This is going to feel like a "We told you so" version of Brownie Points, so eye-rolling is not only expected but encouraged. But when you spend as much time as we do throwing stuff up against the wall, it makes sense to call attention when some of it sticks:
A bowl of malarkey
We told you that the Fiesta Bowl was going to get away with a slap on the wrist and the Bowl Championship Series wouldn't dare toss them out of the rotation for fear of what they might find in the closets of the other bowls.
Kicked out of the championship series? Um, no.
Forced to skip one rotation? Nope.
A hefty fine that will hit the event where it lives? Hardly.
A million bucks? The John Junker Fun Crew used to drop half that on a Big 12 Championship weekend - especially if it happened to coincide with amateur night at The Navel Base or Starbutts. Heck, Grant Woods would have fined the Fiesta Bowl $5 million - but of course, part of that would have gone to his fee.
God bless the BCS - they know who they're dealing with.
Outside of the kickbacks and reimbursed campaign contributions - that was breaking new ground in college football, kinda like June Jones' offense at Hawaii - the rest of the palm-greasing, glad-handing and back-slapping has been going on since the days of the Astro-Bluebonnet and Poulan Weedeater Bowls. You've gotta set the bar low on this fine and suspension stuff.
What if you kick out the Fiesta Bowl only to have some enterprising reporter in Miami uncover sanctioned animal sacrifices or something going on at the Orange Bowl?
In what little time it has until college football wises up and seizes control of its own product, the BCS will be good to who has been good to it - and ride out the criticism.
We told you the Coyotes weren't going anywhere as long as Gary Bettman is holding the NHL's gavel and the team hasn't had a fair shake in Arizona with legitimate ownership. We told you the Atlanta Thrashers will wind up in Winnipeg - but probably not this year, since the Coyotes took their sweet time doing nothing - with the Detroit Red Wings poised to jump to the Eastern Conference and cut their travel time and trips to Arizona in half.
Now the fact that the Coyotes could enter next year without an owner, still run by the league and with the city of Glendale fronting another $25 million? We didn't see that one coming, and anyone who said they did is lying. Insiders believe Matthew Hulsizer's bid to buy the team is losing big-time steam.
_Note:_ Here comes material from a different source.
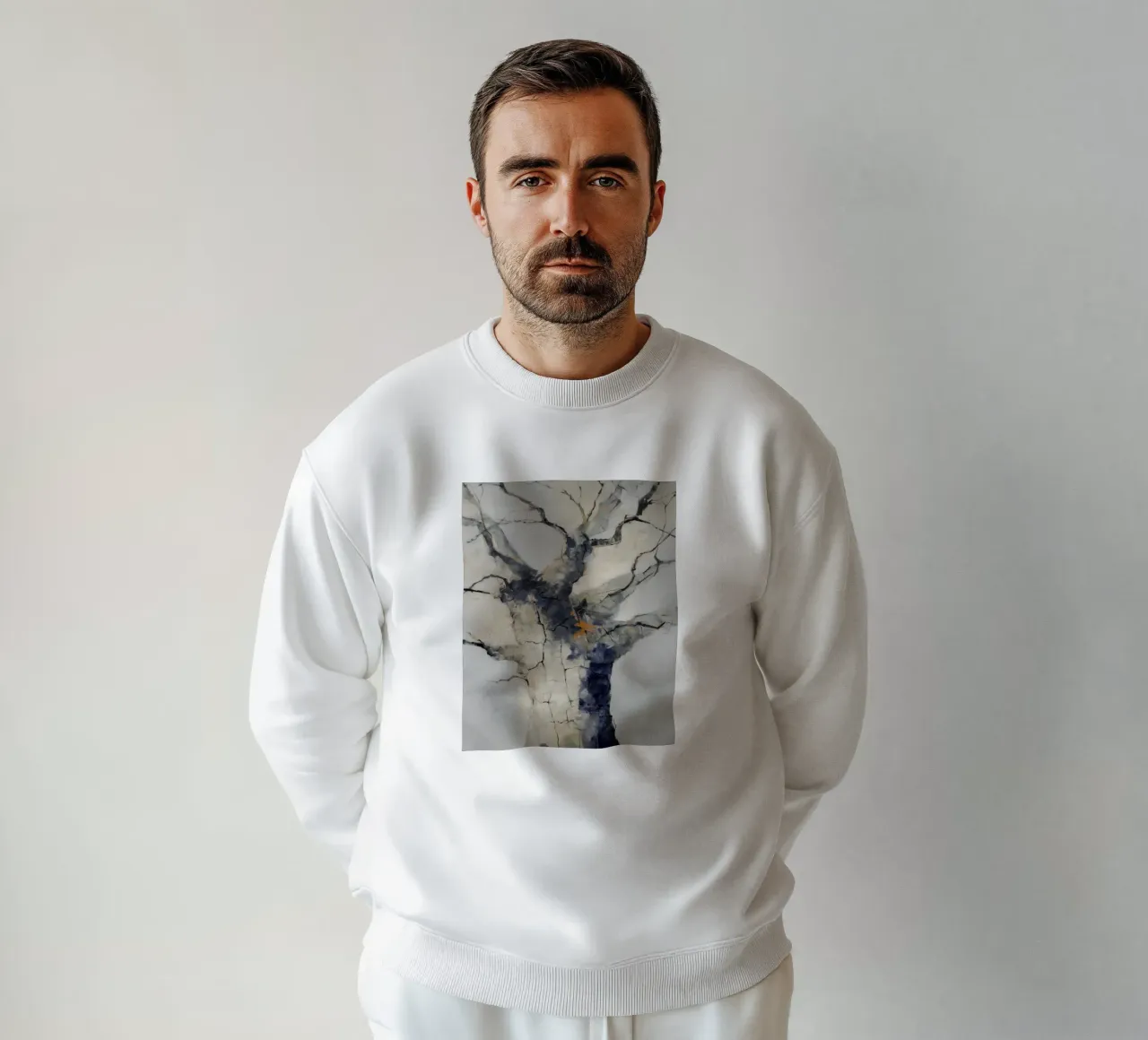 Forme di alberi intrecciati felpa da Carina Pop & Pastell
NHL deputy chief Bill Daly was either confirming that or delivering a "Hurry up Matty!" with his statements at Tuesday's Council meeting, attended by a motley mixed group not seen since the bar scene in "Star Wars."
Hulsizer's relationship with the city has gone steadily downhill since Christmas. Mayor Scruggs and her necessary votes still only have eyes for Jerry Reinsdorf - who is tired of looking at undeveloped dirt from his spring training suite at Camelback Ranch and might have to buy himself and his family a hockey team for a few years if he wants that to change.
Meanwhile, Coyotes GM Don Maloney - who watched Zbynek Michalek and Matthew Lombardi skate away last year when he couldn't guarantee the team would stay in Arizona - now has 18 free agents to sign and, as of now, no better news.
Ilya Bryzgalov wants a long-term deal and a handsome raise, but his playoff meltdown might chill the market enough for Maloney to talk him into staying one more year at $6 million until the future finally crystallizes.
• By my count, that's two championship-level celebrations already by the Miami Heat. There was one in July when "The Big Three" were united, and one this week when they proved to everyone that the Celtics made a horrendous mistakes in dealing Kendrick Perkins away and letting Tony Allen leave for Memphis.
LeBron and his boys are still the odds-on favorite to win - they have been all along - but there are still two long rounds to go and Dwyane Wade is the only one of the three that has tasted a title.
• I remember once going into a Scottsdale sports memorabilia store and looking at autographed baseballs by Hall of Fame Players. Willie Mays. Hank Aaron. Johnny Bench. Joe DiMaggio, Steve Carlton. But when I got to a ball signed by Harmon Killebrew, I noticed it was priced significantly lower. I wondered why.
"That's his fault," the store owner said. "The guy signs for everybody."
If you had the honor of meeting Killebrew during his many years living in the Valley, you know that's true. There is not a nicer man in sports - a more approachable, affable, genuine superstar.
While there is still time - thank you, Killer. Thank you for everything.